— ACTIVITY —
Nothing in the entries below may be altered; print them as they stand.

==== DATA IN THIS EXERCISE ====

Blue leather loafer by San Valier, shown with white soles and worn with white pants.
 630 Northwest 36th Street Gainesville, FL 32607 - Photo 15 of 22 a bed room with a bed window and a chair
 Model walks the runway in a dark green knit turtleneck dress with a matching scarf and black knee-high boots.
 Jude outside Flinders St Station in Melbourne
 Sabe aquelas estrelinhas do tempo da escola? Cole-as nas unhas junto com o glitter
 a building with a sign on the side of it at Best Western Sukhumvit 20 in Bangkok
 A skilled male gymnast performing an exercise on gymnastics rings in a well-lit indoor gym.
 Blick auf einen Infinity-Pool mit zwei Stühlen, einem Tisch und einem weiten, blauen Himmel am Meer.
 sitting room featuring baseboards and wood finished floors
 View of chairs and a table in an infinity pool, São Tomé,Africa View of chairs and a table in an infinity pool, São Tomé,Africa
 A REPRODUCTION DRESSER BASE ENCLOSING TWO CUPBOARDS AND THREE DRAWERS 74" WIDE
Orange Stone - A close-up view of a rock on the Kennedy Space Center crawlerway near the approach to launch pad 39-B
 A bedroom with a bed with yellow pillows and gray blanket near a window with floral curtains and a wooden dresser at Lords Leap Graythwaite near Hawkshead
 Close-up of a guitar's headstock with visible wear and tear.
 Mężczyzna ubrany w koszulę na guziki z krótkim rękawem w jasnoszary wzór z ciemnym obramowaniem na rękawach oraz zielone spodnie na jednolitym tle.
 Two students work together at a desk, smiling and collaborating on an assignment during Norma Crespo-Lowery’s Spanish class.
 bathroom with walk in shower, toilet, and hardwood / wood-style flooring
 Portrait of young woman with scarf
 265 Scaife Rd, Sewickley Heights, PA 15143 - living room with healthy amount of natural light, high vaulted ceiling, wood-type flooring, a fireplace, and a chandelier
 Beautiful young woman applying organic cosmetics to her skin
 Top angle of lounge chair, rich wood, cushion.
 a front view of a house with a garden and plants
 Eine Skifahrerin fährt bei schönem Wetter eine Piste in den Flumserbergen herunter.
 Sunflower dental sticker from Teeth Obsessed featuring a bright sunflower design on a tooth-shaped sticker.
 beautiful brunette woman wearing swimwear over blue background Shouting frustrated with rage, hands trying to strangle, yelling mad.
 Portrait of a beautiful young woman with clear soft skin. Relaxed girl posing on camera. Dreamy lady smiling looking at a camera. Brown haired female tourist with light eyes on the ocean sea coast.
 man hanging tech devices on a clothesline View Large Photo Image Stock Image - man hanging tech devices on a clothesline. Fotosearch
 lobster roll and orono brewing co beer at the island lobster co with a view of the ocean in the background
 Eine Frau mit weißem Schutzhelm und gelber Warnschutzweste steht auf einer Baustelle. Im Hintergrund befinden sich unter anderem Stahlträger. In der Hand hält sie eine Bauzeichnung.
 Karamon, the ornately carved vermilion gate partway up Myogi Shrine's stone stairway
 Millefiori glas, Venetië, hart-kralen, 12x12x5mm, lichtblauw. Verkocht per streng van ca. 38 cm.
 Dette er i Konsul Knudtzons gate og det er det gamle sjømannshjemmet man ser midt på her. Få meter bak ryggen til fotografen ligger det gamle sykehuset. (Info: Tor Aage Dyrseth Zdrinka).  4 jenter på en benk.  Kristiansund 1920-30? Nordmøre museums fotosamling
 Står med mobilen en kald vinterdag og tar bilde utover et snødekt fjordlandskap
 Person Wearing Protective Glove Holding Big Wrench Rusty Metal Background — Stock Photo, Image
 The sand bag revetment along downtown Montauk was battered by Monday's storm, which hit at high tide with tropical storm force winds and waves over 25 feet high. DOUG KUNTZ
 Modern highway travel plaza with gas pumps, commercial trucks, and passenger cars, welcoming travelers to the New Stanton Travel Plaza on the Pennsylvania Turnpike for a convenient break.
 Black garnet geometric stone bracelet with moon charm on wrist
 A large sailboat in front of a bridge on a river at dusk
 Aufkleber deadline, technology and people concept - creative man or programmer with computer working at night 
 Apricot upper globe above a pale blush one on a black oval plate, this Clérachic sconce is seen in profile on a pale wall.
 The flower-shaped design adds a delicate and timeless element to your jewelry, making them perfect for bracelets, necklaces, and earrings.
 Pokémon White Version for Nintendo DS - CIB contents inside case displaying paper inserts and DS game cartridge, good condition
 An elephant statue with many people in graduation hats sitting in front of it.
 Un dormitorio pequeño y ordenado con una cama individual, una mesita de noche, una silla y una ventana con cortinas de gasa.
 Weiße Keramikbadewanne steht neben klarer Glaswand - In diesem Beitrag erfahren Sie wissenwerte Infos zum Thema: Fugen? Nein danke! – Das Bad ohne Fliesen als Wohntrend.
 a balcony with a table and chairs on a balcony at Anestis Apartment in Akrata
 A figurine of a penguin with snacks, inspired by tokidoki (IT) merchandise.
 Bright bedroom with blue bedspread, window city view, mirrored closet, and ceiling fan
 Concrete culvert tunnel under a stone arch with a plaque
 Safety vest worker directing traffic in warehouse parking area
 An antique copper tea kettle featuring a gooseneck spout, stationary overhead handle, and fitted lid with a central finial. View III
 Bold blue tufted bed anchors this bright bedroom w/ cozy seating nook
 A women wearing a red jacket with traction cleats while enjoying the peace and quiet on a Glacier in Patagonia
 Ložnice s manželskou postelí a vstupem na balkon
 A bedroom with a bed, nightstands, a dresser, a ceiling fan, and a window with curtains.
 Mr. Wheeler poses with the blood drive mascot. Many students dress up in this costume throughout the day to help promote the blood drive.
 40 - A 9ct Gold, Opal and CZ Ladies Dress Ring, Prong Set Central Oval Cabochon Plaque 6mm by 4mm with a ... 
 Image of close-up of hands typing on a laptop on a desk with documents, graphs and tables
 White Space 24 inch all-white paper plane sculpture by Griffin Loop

====

— REPLY —
Blue leather loafer by San Valier, shown with white soles and worn with white pants.
 630 Northwest 36th Street Gainesville, FL 32607 - Photo 15 of 22 a bed room with a bed window and a chair
 Model walks the runway in a dark green knit turtleneck dress with a matching scarf and black knee-high boots.
 Jude outside Flinders St Station in Melbourne
 Sabe aquelas estrelinhas do tempo da escola? Cole-as nas unhas junto com o glitter
 a building with a sign on the side of it at Best Western Sukhumvit 20 in Bangkok
 A skilled male gymnast performing an exercise on gymnastics rings in a well-lit indoor gym.
 Blick auf einen Infinity-Pool mit zwei Stühlen, einem Tisch und einem weiten, blauen Himmel am Meer.
 sitting room featuring baseboards and wood finished floors
 View of chairs and a table in an infinity pool, São Tomé,Africa View of chairs and a table in an infinity pool, São Tomé,Africa
 A REPRODUCTION DRESSER BASE ENCLOSING TWO CUPBOARDS AND THREE DRAWERS 74" WIDE
Orange Stone - A close-up view of a rock on the Kennedy Space Center crawlerway near the approach to launch pad 39-B
 A bedroom with a bed with yellow pillows and gray blanket near a window with floral curtains and a wooden dresser at Lords Leap Graythwaite near Hawkshead
 Close-up of a guitar's headstock with visible wear and tear.
 Mężczyzna ubrany w koszulę na guziki z krótkim rękawem w jasnoszary wzór z ciemnym obramowaniem na rękawach oraz zielone spodnie na jednolitym tle.
 Two students work together at a desk, smiling and collaborating on an assignment during Norma Crespo-Lowery’s Spanish class.
 bathroom with walk in shower, toilet, and hardwood / wood-style flooring
 Portrait of young woman with scarf
 265 Scaife Rd, Sewickley Heights, PA 15143 - living room with healthy amount of natural light, high vaulted ceiling, wood-type flooring, a fireplace, and a chandelier
 Beautiful young woman applying organic cosmetics to her skin
 Top angle of lounge chair, rich wood, cushion.
 a front view of a house with a garden and plants
 Eine Skifahrerin fährt bei schönem Wetter eine Piste in den Flumserbergen herunter.
 Sunflower dental sticker from Teeth Obsessed featuring a bright sunflower design on a tooth-shaped sticker.
 beautiful brunette woman wearing swimwear over blue background Shouting frustrated with rage, hands trying to strangle, yelling mad.
 Portrait of a beautiful young woman with clear soft skin. Relaxed girl posing on camera. Dreamy lady smiling looking at a camera. Brown haired female tourist with light eyes on the ocean sea coast.
 man hanging tech devices on a clothesline View Large Photo Image Stock Image - man hanging tech devices on a clothesline. Fotosearch
 lobster roll and orono brewing co beer at the island lobster co with a view of the ocean in the background
 Eine Frau mit weißem Schutzhelm und gelber Warnschutzweste steht auf einer Baustelle. Im Hintergrund befinden sich unter anderem Stahlträger. In der Hand hält sie eine Bauzeichnung.
 Karamon, the ornately carved vermilion gate partway up Myogi Shrine's stone stairway
 Millefiori glas, Venetië, hart-kralen, 12x12x5mm, lichtblauw. Verkocht per streng van ca. 38 cm.
 Dette er i Konsul Knudtzons gate og det er det gamle sjømannshjemmet man ser midt på her. Få meter bak ryggen til fotografen ligger det gamle sykehuset. (Info: Tor Aage Dyrseth Zdrinka).  4 jenter på en benk.  Kristiansund 1920-30? Nordmøre museums fotosamling
 Står med mobilen en kald vinterdag og tar bilde utover et snødekt fjordlandskap
 Person Wearing Protective Glove Holding Big Wrench Rusty Metal Background — Stock Photo, Image
 The sand bag revetment along downtown Montauk was battered by Monday's storm, which hit at high tide with tropical storm force winds and waves over 25 feet high. DOUG KUNTZ
 Modern highway travel plaza with gas pumps, commercial trucks, and passenger cars, welcoming travelers to the New Stanton Travel Plaza on the Pennsylvania Turnpike for a convenient break.
 Black garnet geometric stone bracelet with moon charm on wrist
 A large sailboat in front of a bridge on a river at dusk
 Aufkleber deadline, technology and people concept - creative man or programmer with computer working at night 
 Apricot upper globe above a pale blush one on a black oval plate, this Clérachic sconce is seen in profile on a pale wall.
 The flower-shaped design adds a delicate and timeless element to your jewelry, making them perfect for bracelets, necklaces, and earrings.
 Pokémon White Version for Nintendo DS - CIB contents inside case displaying paper inserts and DS game cartridge, good condition
 An elephant statue with many people in graduation hats sitting in front of it.
 Un dormitorio pequeño y ordenado con una cama individual, una mesita de noche, una silla y una ventana con cortinas de gasa.
 Weiße Keramikbadewanne steht neben klarer Glaswand - In diesem Beitrag erfahren Sie wissenwerte Infos zum Thema: Fugen? Nein danke! – Das Bad ohne Fliesen als Wohntrend.
 a balcony with a table and chairs on a balcony at Anestis Apartment in Akrata
 A figurine of a penguin with snacks, inspired by tokidoki (IT) merchandise.
 Bright bedroom with blue bedspread, window city view, mirrored closet, and ceiling fan
 Concrete culvert tunnel under a stone arch with a plaque
 Safety vest worker directing traffic in warehouse parking area
 An antique copper tea kettle featuring a gooseneck spout, stationary overhead handle, and fitted lid with a central finial. View III
 Bold blue tufted bed anchors this bright bedroom w/ cozy seating nook
 A women wearing a red jacket with traction cleats while enjoying the peace and quiet on a Glacier in Patagonia
 Ložnice s manželskou postelí a vstupem na balkon
 A bedroom with a bed, nightstands, a dresser, a ceiling fan, and a window with curtains.
 Mr. Wheeler poses with the blood drive mascot. Many students dress up in this costume throughout the day to help promote the blood drive.
 40 - A 9ct Gold, Opal and CZ Ladies Dress Ring, Prong Set Central Oval Cabochon Plaque 6mm by 4mm with a ... 
 Image of close-up of hands typing on a laptop on a desk with documents, graphs and tables
 White Space 24 inch all-white paper plane sculpture by Griffin Loop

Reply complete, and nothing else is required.